Hand. Cannot. Erase. è probabilmente l'album più eterogeneo di Steven Wilson. Si legano senza troppi problemi brani oscuri e celestiali, semi-elettronici ed acustici... come sempre del resto, ma con una sfumatura un poco meno naturale, in questo caso. Molti meno che in passato sono i riferimenti fusion, in favore di un sound più diretto e mediamente più semplice, incentrato maggiormente sui suoni e sul concept, sul quale non mi pronuncerò fino all'analisi più approfondita dei testi. Degna di nota è anche l'entrata in scena di una voce femminile, non certo qualcosa di frequente nella discografia di Wilson, considerata universalmente. Le performance vocali, nonostante qualche momento di dubbio gusto, raggiungono picchi di assoluto spessore, gli assoli di chitarra sono clamorosi come non mai e tutti i componenti del gruppo si esibiscono in modo a dir poco degno. Meno presenti sono i fiati di Travis, a riprova della decadenza dell'influenza fusion, che potremmo dire quasi sostituita per prominenza da quella trip-hop. Trovate come quella delle voci bianche (e della stessa Ninet) sono forse poco sfruttate, ma fanno la loro porca figura quando compaiono. A dire il vero sono svariate le idee che potrebbero sembrare non sviluppate a pieno regime, per non parlare di una generale frammentarietà dei brani portata talvolta a livelli forse eccessivi. Ad una prima parte dell'album mediamente leggera e più spensierata segue una seconda decisamente più pesante ma soprattutto inquietante, eccezion fatta per qualche sezione e per gli ultimi due brani. Viene abbandonata la dilatata struttura imperante in The Raven That Refused To Sing in favore di brani in gran parte più brevi (e quelli lunghi per la verità sembrano spesso estesi in modo un poco forzato), talvolta anche brevissimi, poco più che intermezzi. Decisamente, in generale, possiamo dire che l'influenza diretta di un certo tipo di rock progressivo settantiano è molto meno prominente che nei precedenti due lavori, ma questo non significa che l'album ricordi Insurgentes, se non per qualche precisa occasione. E questo non può che fare piacere a tutti coloro che, come il sottoscritto, auspicano una continua evoluzione da parte di un artista, specie uno come Wilson.

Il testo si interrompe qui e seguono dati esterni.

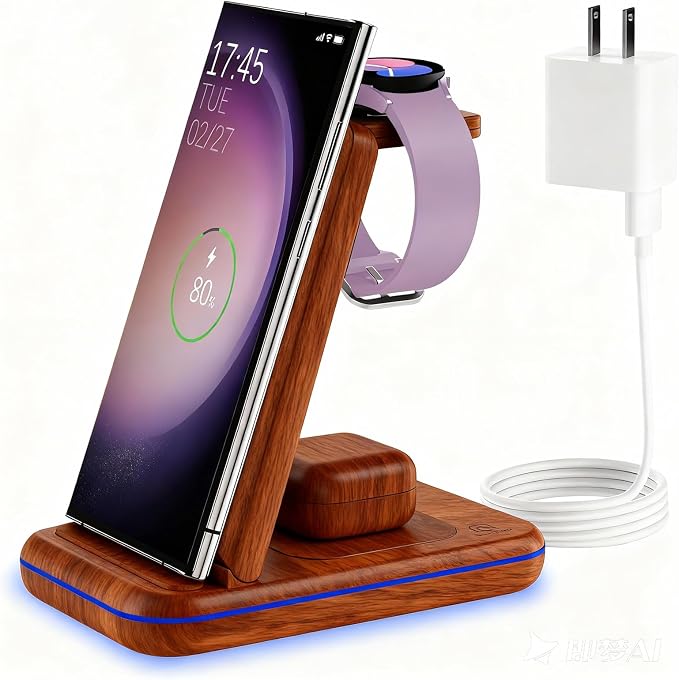 Wireless Charging Station for Samsung/Android, Fast Wireless Watch Charger by LOPUION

Ci sarebbe ancora molto da dire, con troppe cose che potrei citare in modo solamente prematuro. Quello che mi limito a dire per ora, in quanto a giudizio, è che si tratta di un album piuttosto spiazzante, che rompe in gran parte col passato e che presenta delle performance di prima classe (come al solito), un concept interessante e degli elementi di novità assoluta per la ormai sconfinata discografia di Wilson. Il mio giudizio non può che essere positivo, anche se non posso nascondere un retrogusto amaro che devo ancora decifrare e che mi porta a considerare questo album quello meno riuscito rispetto almeno ai precedenti due lavori. Ma insomma, per i precedenti stiamo parlando di capolavori. Nel caso di questo Hand. Cannot. Erase. sto parlando al primo ascolto di un album fenomenale, e il giudizio è spesso destinato a salire con gli ascolti. Pertanto non mi resta che attendere e consigliare a tutti l'ascolto!